The origin of Phantom Canyon is harder to place. It is not known who or when Phantom was given its name or what name it had before. There are several explanations but nothing beyond theories and guesswork. Debe Branning wrote this about Phantom Canyon in Grand Canyon Ghost Stories.
“There is much speculation to why the word Phantom became associated with the area. Phantom Ranch was said to be named after Phantom Creek which appears to be hidden from view like a phantom. Legends tells us that prospectors called it Phantom because of the eerie misted filled the air on cold mornings deep in the canyon. Perhaps it seems like a ghost because of the elusive oasis tucked away in the folds of Phantom fault cannot be seen from the rim. Others proclaimed is named after the ominous Phantom Rock. This formation stands about 2 miles north of the ranch along North Kaibab trail it is a rocky projection that since along the trail and resemble a dark cloaked phantom.”

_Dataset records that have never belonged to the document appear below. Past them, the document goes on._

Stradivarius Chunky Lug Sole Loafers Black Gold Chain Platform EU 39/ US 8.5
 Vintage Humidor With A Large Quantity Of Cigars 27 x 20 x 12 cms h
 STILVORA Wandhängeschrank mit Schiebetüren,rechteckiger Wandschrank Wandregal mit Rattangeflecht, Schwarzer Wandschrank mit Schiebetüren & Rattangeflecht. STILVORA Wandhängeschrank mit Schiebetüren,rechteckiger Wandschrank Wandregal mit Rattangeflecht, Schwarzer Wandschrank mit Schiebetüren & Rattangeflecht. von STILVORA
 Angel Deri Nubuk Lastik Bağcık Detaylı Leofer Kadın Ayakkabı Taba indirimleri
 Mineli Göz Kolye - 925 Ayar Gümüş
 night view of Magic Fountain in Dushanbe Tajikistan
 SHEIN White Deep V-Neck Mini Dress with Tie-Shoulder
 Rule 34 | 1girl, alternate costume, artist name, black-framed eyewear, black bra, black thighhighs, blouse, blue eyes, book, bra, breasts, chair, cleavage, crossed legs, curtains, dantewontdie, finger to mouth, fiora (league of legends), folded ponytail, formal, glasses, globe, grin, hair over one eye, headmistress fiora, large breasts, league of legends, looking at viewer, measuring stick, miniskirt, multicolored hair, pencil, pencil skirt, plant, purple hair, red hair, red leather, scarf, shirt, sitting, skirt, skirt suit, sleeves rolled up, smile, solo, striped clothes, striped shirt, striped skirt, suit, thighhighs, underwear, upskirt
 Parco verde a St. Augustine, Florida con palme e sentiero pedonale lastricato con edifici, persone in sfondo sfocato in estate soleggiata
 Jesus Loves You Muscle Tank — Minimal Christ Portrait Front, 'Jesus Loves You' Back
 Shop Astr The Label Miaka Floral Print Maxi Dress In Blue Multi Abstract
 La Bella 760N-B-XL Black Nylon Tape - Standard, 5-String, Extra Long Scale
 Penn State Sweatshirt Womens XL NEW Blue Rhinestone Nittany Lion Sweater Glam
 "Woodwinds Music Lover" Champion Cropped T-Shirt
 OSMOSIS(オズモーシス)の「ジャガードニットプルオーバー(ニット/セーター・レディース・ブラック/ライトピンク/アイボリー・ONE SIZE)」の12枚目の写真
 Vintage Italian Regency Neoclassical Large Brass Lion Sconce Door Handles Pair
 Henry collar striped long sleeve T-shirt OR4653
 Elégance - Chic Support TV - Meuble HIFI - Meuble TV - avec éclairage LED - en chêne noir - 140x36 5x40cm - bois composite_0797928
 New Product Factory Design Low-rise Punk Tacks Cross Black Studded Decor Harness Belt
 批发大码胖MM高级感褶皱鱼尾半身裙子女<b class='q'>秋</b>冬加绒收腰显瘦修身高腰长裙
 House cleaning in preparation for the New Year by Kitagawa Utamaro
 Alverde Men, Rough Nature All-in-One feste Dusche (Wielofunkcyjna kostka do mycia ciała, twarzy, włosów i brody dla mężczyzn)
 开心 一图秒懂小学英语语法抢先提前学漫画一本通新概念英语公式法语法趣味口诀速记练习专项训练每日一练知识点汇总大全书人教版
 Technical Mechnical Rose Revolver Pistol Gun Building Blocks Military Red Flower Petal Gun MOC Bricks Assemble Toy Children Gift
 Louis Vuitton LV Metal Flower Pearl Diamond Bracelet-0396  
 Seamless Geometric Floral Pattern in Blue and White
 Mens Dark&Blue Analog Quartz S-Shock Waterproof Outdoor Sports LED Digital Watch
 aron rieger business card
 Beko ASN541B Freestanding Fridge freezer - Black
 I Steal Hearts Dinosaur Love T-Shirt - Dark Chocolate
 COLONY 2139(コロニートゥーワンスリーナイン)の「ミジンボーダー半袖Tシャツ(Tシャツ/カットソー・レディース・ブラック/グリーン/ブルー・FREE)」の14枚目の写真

It may be hard to know of sure how Phantom Canyon received it’s name but hike through its narrows during the right or wrong time it’s easy to see that Phantom is a fitting one. On cold mornings there can be a fog, or smoke drifting through the quiet canyon. During the Summer Monsoon season, hiking up the creek can turn from a relaxing swimming hole to a tragic misstep. A few minutes after stepping off trail into the water is how quickly the canyon turns into a narrow channel, and the sky into a thin blue line. It would be nearly impossible to see any sign of a storm approaching. The only warning of a flash flood in the canyon would a slow rumble like a thunder that doesn’t stop but only grows louder. Visitors caught in a flash flood within Phantom Canyon are often swept away. In July 1997 one visitor was caught in a flood and was tossed a half mile downstream before he was able to self-rescue. He escaped but others are often not as fortunate.
The person who named Phantom Canyon will probably never be known. We will never know why or for what reason Phantom was the world that came to their mind, and why that name that has stuck for over a hundred years. It is one side canyon amongst hundreds of others within the National Park. If one canyon can hold this many stories and unanswered questions, one can only imagine what other canyons can tell.
Interlude Two: Community: Howdy, William Bass here. I started Bass Camp in 1884 and it has become home to quite the community of visitors. Often, they come for a week and stay for a month. I’ve shared my home with the like of Zane Grey, John Muir, Thomas Moran, and even Henry Ford. I’m a member of a larger community of prospectors along the rim, but also have grown close to my neighbors the Havasupai who helped me locate local springs and in turn I’ve given them seeds, and championed efforts to build a school and post office in Havasu Canyon. There are a lot of great people in this great place, so come on out and let me introduce you to them all. I’m William Bass, and we’ll leave the lantern lit for ya.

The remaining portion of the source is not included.